La vente de la propriété dans la rue Friedrich évitée de justesse
Alors que le conseil d’administration de la communauté juive a dû contacter la ville à plusieurs reprises pour enfin obtenir des fonds pour la réparation de la synagogue, La Jewish Restitution Successor Organization (IRSO) (« Organisation Juive de Succession pour la Restitution ») a également demandé la restitution des propriétés du 31 et du 33 de la rue Friedrich. Elle voulait vendre les propriétés à la ville. Le conseil de la communauté juive a pu intervenir juste à temps pour empêcher la vente. L’IRSO avait été fondée à New York en 1948 pour restituer les biens restés sans héritiers connus des personnes persécutées et assassinées pour des raisons raciales. Elle a également repris les biens restitués des institutions et organisations qui avaient été expropriées et dissoutes par le régime nazi. En 1949, l’IRSO a présenté des demandes de restitution des propriétés des synagogues de Michelsberg/Schulberg, à Biebrich et Schierstein.
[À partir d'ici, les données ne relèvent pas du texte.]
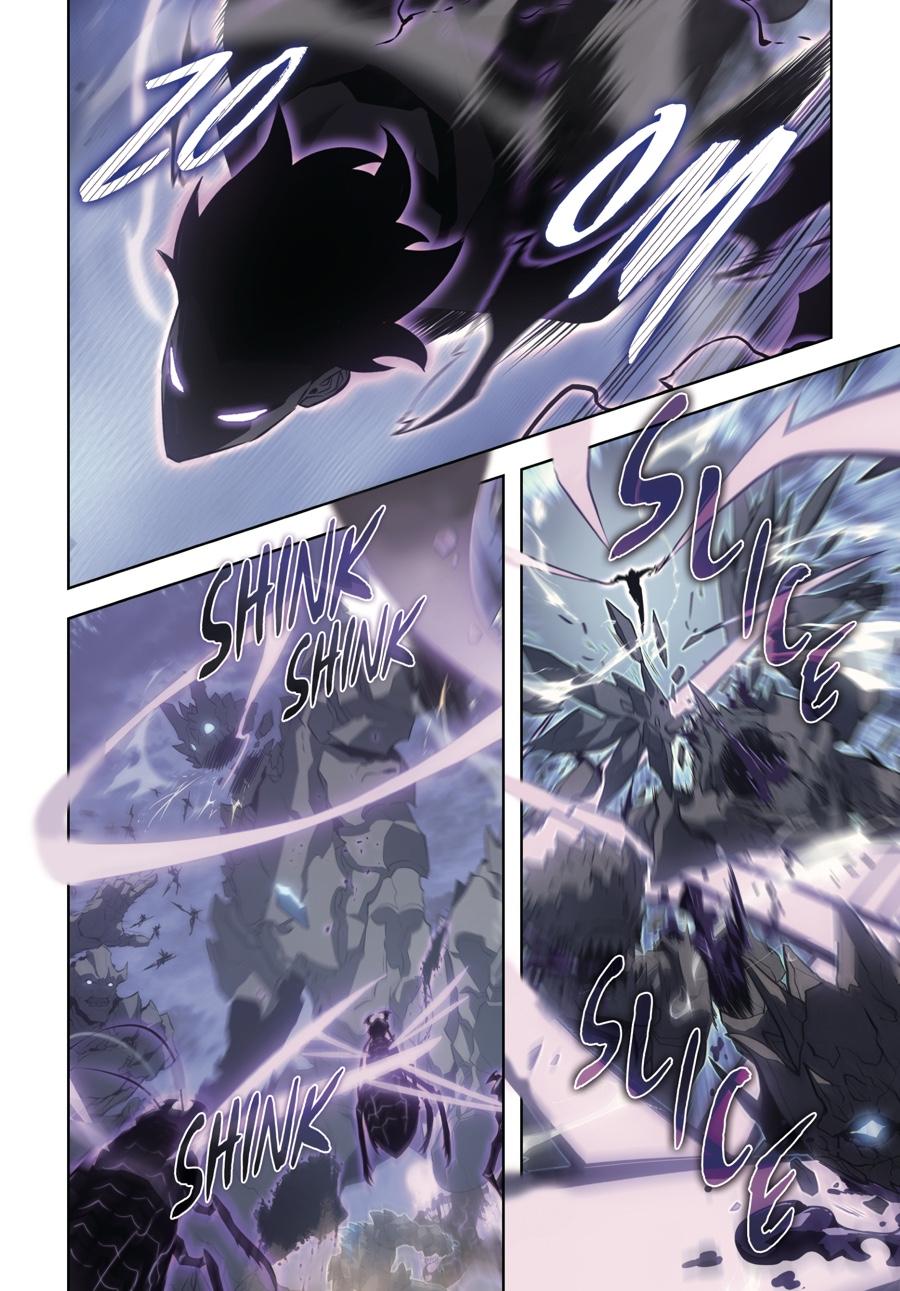 Read Solo Leveling EN Manga Online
Les négociations avec le cadastre municipal ont été âpres et se sont soldées par un règlement devant le bureau d’État pour le contrôle des biens et la restitution. En 1954, l’IRSO a introduit, au nom de la communauté juive de Wiesbaden, d’autres demandes sur la base de la loi fédérale de 1953 sur l’indemnisation des victimes de persécutions nationales-socialistes auprès de l’autorité d’indemnisation du district de Wiesbaden pour les dommages matériels, c’est-à-dire pour la profanation de la synagogue de la rue Friedrich et la destruction de celle de Michelsberg. L’IRSO n’avait manifestement pas supposé, dans ses demandes de restitution, que la vie juive renaîtrait en Allemagne, le pays des coupables. Elle a donc déposé des demandes pour tous les biens qu’elle avait identifiés et pour lesquels il existait un soupçon d’aryanisation et pour lesquels aucune demande de restitution n’avait encore été déposée. Comme dans le cas des bâtiments du 31 et du 33 de la rue Friedrich, cela s’est souvent fait sans consulter les anciens propriétaires juifs, ce qui a souvent entraîné des conflits.